Lastly, let’s explore the “four factors” of basketball, coined by Dean Oliver. The four factors include shooting (measured by effective field goal percentage), rebounding, turnovers and free throws. We will construct a similar function to scrape these statistics from sports-reference.com. The function is below:
# we can make this a function to grab from multiple seasons!
scrape_four_factors <- function(url) {
xml2::read_html(url) %>%
# grab the tables
rvest::html_table(fill = T) %>%
# pluck the first table
purrr::pluck(1) %>%
# make the first row the column names
janitor::row_to_names(row_number = 1) %>%
# clean column names
janitor::clean_names() %>%
# convert to tibble
dplyr::as_tibble() %>%
# keep only rows where there is a score
dplyr::filter(tm != "", opp_2 != "", opp != "Opp") %>%
# grab only what we need (four factors)
dplyr::transmute(
date = as.Date(date),
opponent = opp,
team_score = tm,
opp_score = opp_2,
eff_fg_pct = e_fg_percent,
tov_pct = tov_percent,
oreb_pct = orb_percent,
ft_rate = f_tr
) %>%
# change values to numeric and on 0-1 scale
dplyr::mutate(
dplyr::across(c(everything(), -date, -opponent), suppressWarnings(as.numeric)),
dplyr::across(tov_pct:oreb_pct, ~ . / 100)
)
}
# sports-reference.com has data dating back to 2010-11 season
four_factors <- dplyr::tibble(
season_url = 2011:2021,
season = paste0(season_url - 1, "-", stringr::str_sub(season_url, start = 3)),
url = paste0("https://www.sports-reference.com/cbb/schools/duke/", season_url, "-gamelogs-advanced.html")
) %>%
dplyr::mutate(data = purrr::map(url, purrr::possibly(scrape_four_factors, otherwise = NA)))

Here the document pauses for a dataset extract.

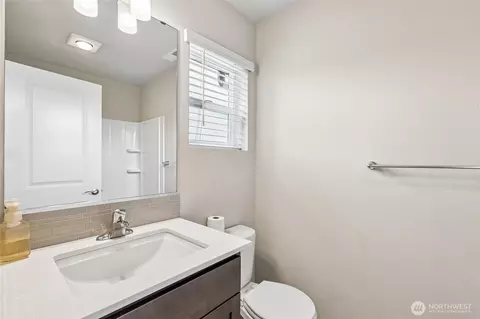 Bath - 1621 Seattle Hill Rd #HH2, Bothell, WA 98012 photo 2 of 2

four_factors_unnest <- four_factors %>%
# don't need the url anymore
dplyr::select(-url, -season_url) %>%
# unnest the data
tidyr::unnest(data) %>%
dplyr::mutate(
result = ifelse(team_score > opp_score, "W", "L"),
result = forcats::fct_rev(result)
)
head(four_factors_unnest)
## # A tibble: 6 x 10
## season date opponent team_score opp_score eff_fg_pct tov_pct oreb_pct
## <chr> <date> <chr> <dbl> <dbl> <dbl> <dbl> <dbl>
## 1 2010-… 2010-11-14 Princet… 97 60 0.662 0.165 0.269
## 2 2010-… 2010-11-16 Miami (… 79 45 0.5 0.11 0.333
## 3 2010-… 2010-11-19 Colgate 110 58 0.556 0.117 0.462
## 4 2010-… 2010-11-22 Marquet… 82 77 0.594 0.214 0.313
## 5 2010-… 2010-11-23 Kansas … 82 68 0.537 0.169 0.207
## 6 2010-… 2010-11-27 Oregon 98 71 0.637 0.203 0.259
## # … with 2 more variables: ft_rate <dbl>, result <fct>
Great, we now have Duke’s offensive four factors since 2010-11 (the first season sports-reference.com has data). Let’s do some basic plotting:
Duke has lost only one game in which they had an above average (relative to Duke) effective field goal percentage and above average offensive rebounding rate! The four factors are amazing descriptive measures, but can also be leveraged for prediction.
Here is all of the four factor data in tabular form. Click on a column name to sort! Code for the table can be found in the source code.
Hopefully, this piece served as a helpful introduction into leveraging publicly available college basketball data from sports-reference.com into interesting visualizations and insights. Don’t forget that while I chose to only scrape Duke basketball statistics, the functions we created can be easily modified to scrape other team’s statistics (or many team’s statistics at once). Happy R programming!